→ **Stored data**
****

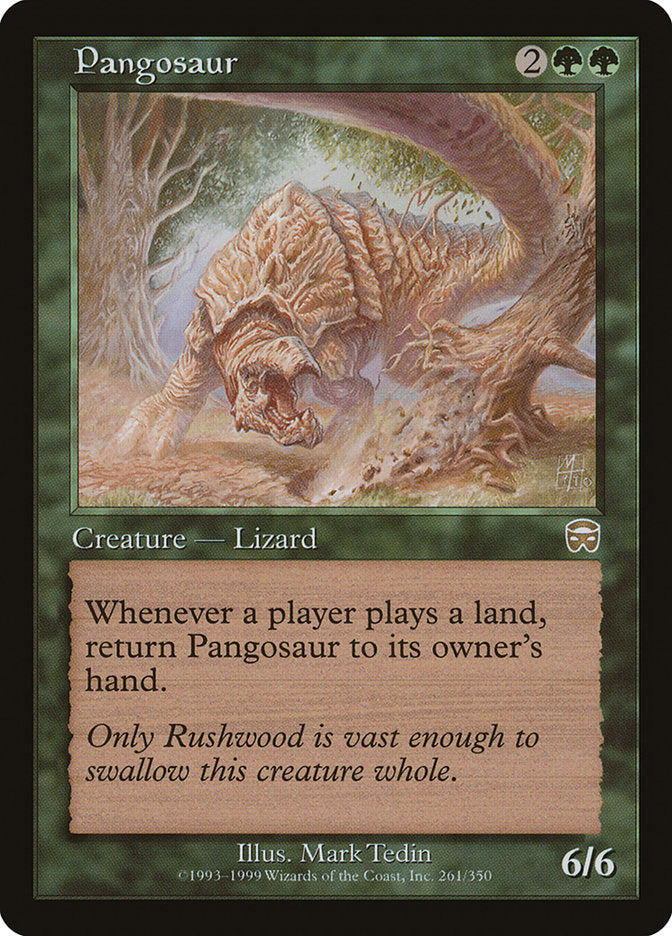 Pangosaur [Mercadian Masques] [Foil]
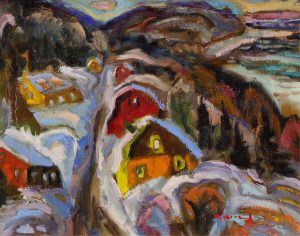 Pierre Bedard: MON PAYS C’EST L’HIVER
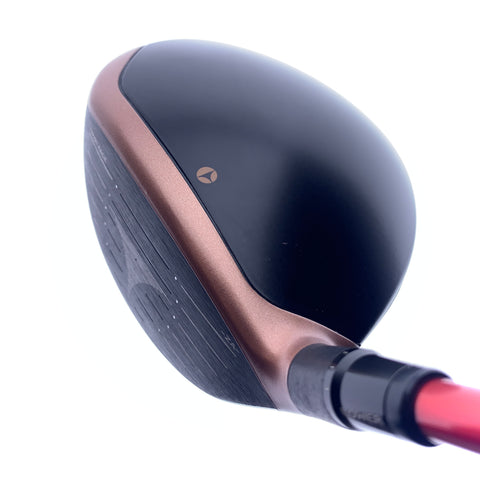 Used TaylorMade BRNR Mini Copper Driver / 13.5 Degrees / X-Stiff Flex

****

Once the pictures are set aside, repeat the data above exactly.

→ **Answer space**
 Pangosaur [Mercadian Masques] [Foil]
 Pierre Bedard: MON PAYS C’EST L’HIVER
 Used TaylorMade BRNR Mini Copper Driver / 13.5 Degrees / X-Stiff Flex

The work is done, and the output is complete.